TASK GOAL:
Although the records contain pictures, the copy should leave them out and match everything else exactly.

----------------------------------------

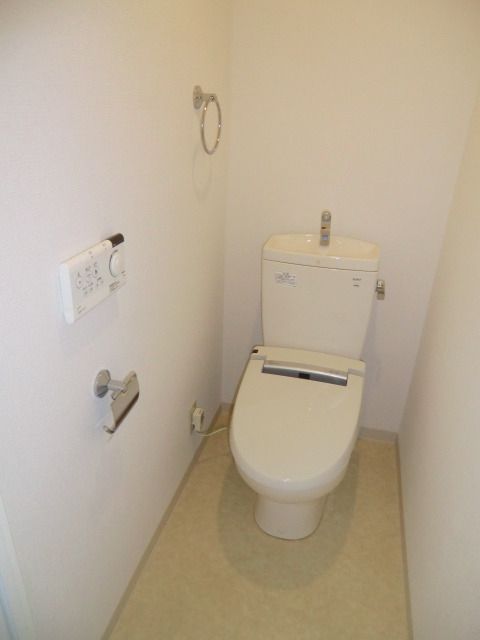 トイレ　きれいなトイレです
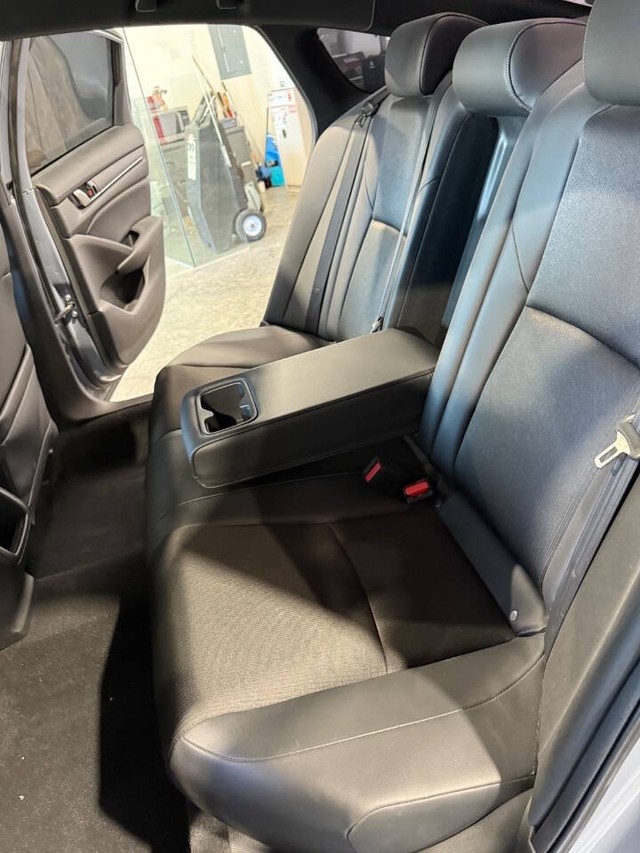 Honda Accord Sedan Vehicle Full-screen Gallery Image 45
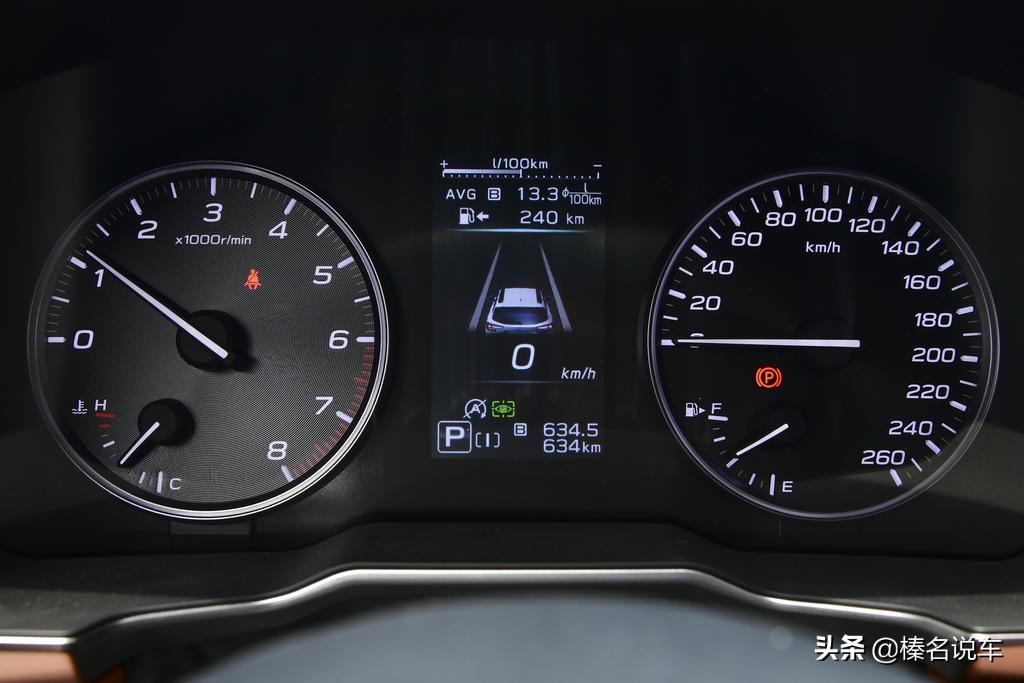 斯巴鲁傲虎国内引进2.4t试驾,斯巴鲁傲虎3.6水平对置6缸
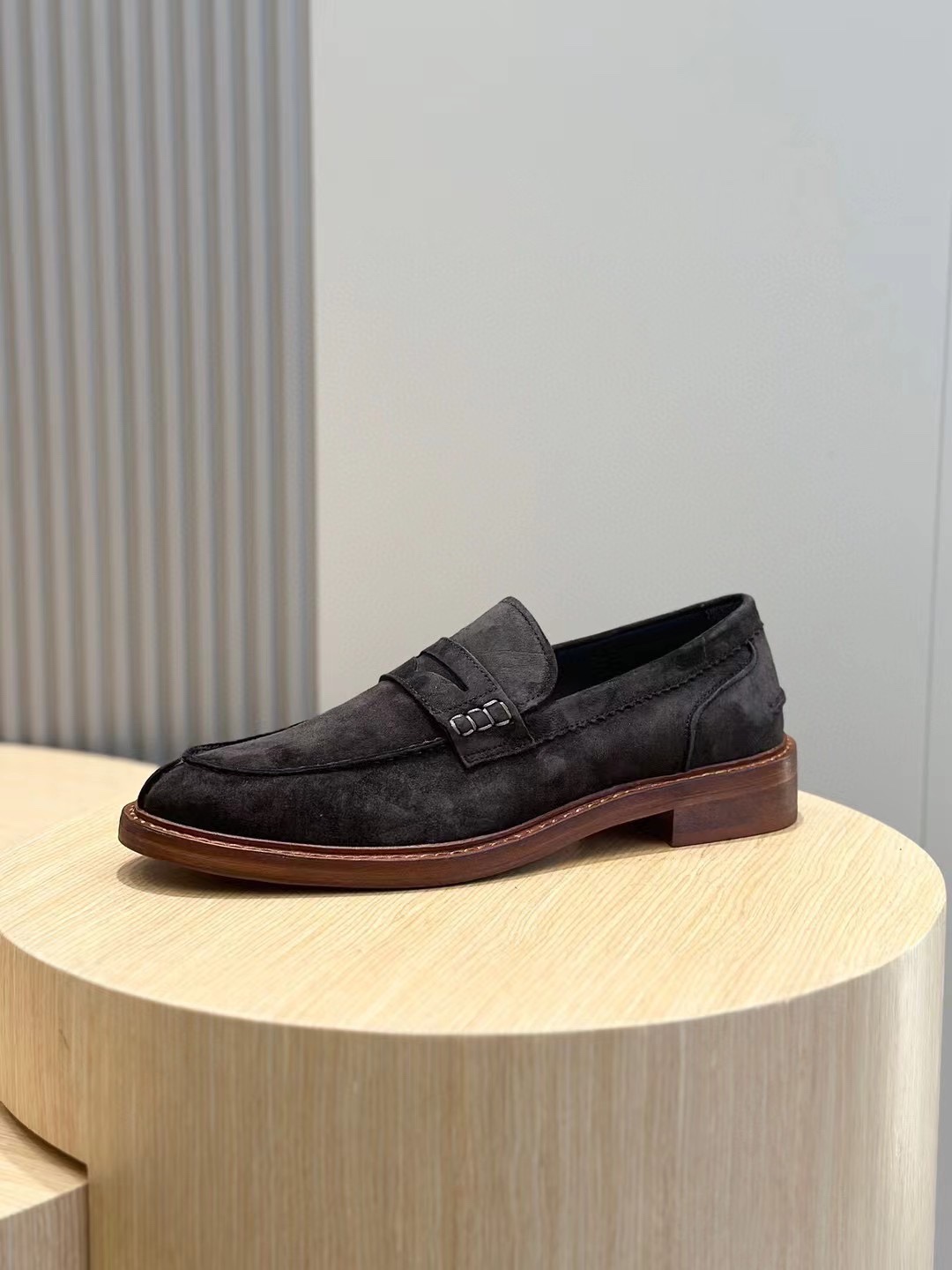 Brunello Cucineli Mocasines de ante para hombreLos materiales exquisitos se unen al grunge clásico d
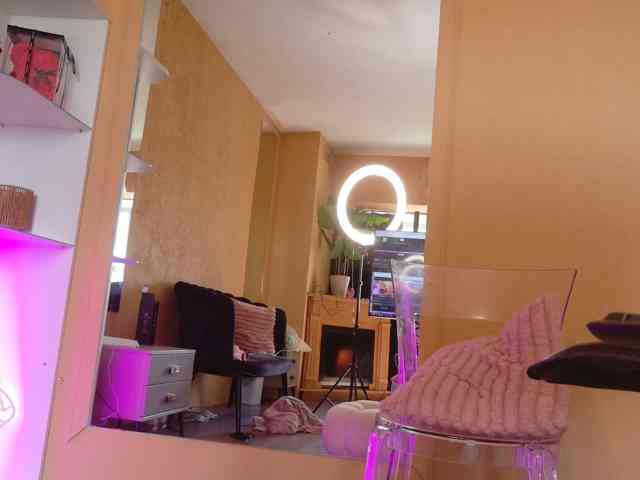SoniaSinn webcam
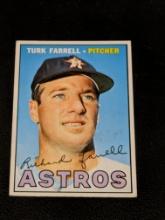 1967 Topps Baseball Card #190 Turk Farrell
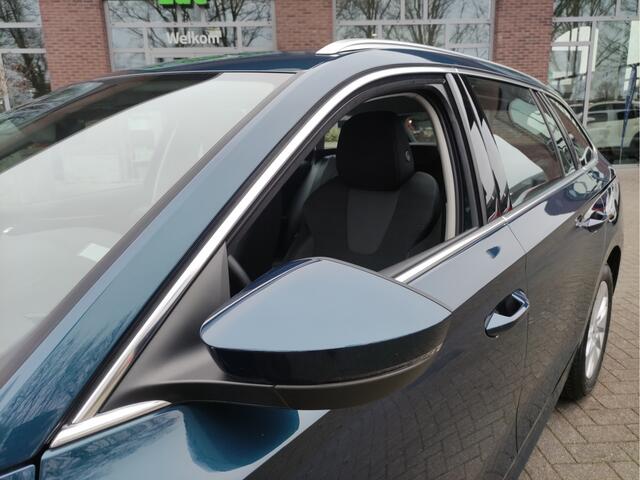 Skoda OCTAVIA Combi 1.0 TSI Business Edition Wegklapbare trekhaak - Chroompakket - Elektrische achterklep - NL auto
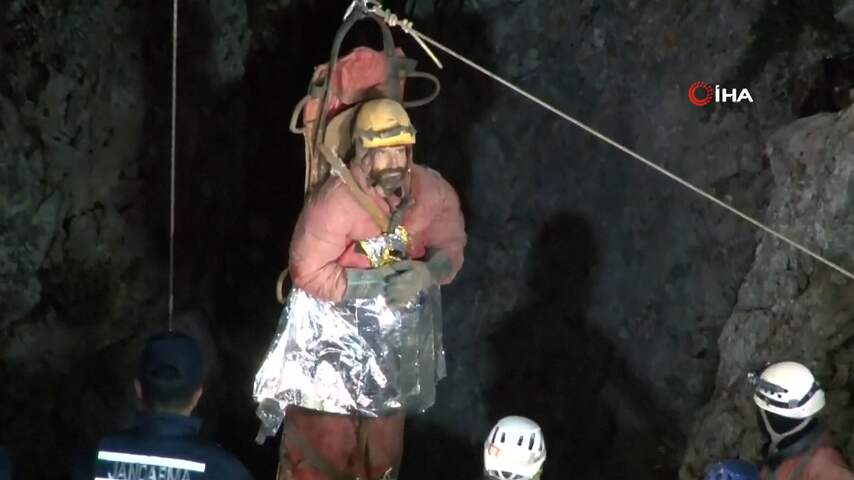 Amerikaan wordt uit Turkse grot gered: 'Ik dacht: ik ga dit niet overleven'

----------------------------------------

RESPONSE:
 トイレ　きれいなトイレです
 Honda Accord Sedan Vehicle Full-screen Gallery Image 45
 斯巴鲁傲虎国内引进2.4t试驾,斯巴鲁傲虎3.6水平对置6缸
 Brunello Cucineli Mocasines de ante para hombreLos materiales exquisitos se unen al grunge clásico d
SoniaSinn webcam
 1967 Topps Baseball Card #190 Turk Farrell
 Skoda OCTAVIA Combi 1.0 TSI Business Edition Wegklapbare trekhaak - Chroompakket - Elektrische achterklep - NL auto
 Amerikaan wordt uit Turkse grot gered: 'Ik dacht: ik ga dit niet overleven'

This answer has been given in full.